Alumni

Friends of Art & Navigation Press

Friends of Art is a membership organization for individuals and businesses in the Northern Virginia and metropolitan region that supports the mission of the School of Art by providing service and financial support for student scholarships and special programs aimed at student and faculty enrichment.

  • We welcome YOU to join the FRIENDS OF ART to receive a major print each year.

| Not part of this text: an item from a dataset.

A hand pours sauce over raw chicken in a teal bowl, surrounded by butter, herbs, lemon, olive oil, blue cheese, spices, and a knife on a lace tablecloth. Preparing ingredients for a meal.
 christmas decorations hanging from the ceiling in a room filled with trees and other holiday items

    FRIENDS OF ART members enjoy:

    *Private time with the resident artist of the year

    *Owning a valuable print by a contemporary master artist

    *Social events with other “Friends”

    *Enjoying a lecture by the artist

    *The recognition and rewards of supporting a major contemporary art printmaking program

    For more information, please contact Harold Linton, Director, School of Art at linton@gmu.edu or Helen Frederick, Director, Navigation Press at hfrederi@gmu.edu.

Spring 2013

NAVIGATION PRESS VISITING ARTIST LECTURE
Thursday, April 4th, 7pm, School of Art, Room 1007

BEAUVAIS LYONS
Mock Documentation:  Beauvais Lyons, University of Tennessee Chancellor’s Professor, will provide a survey of work by contemporary artists who have mocked the authority of the academy, the museum, science, history and commerce. His talk will cover a great many disciplines (painting, prints, sculpture, ceramics, photography and design) and has a broad appeal for artists, academics and the general public.

Free and open to the public: please join us!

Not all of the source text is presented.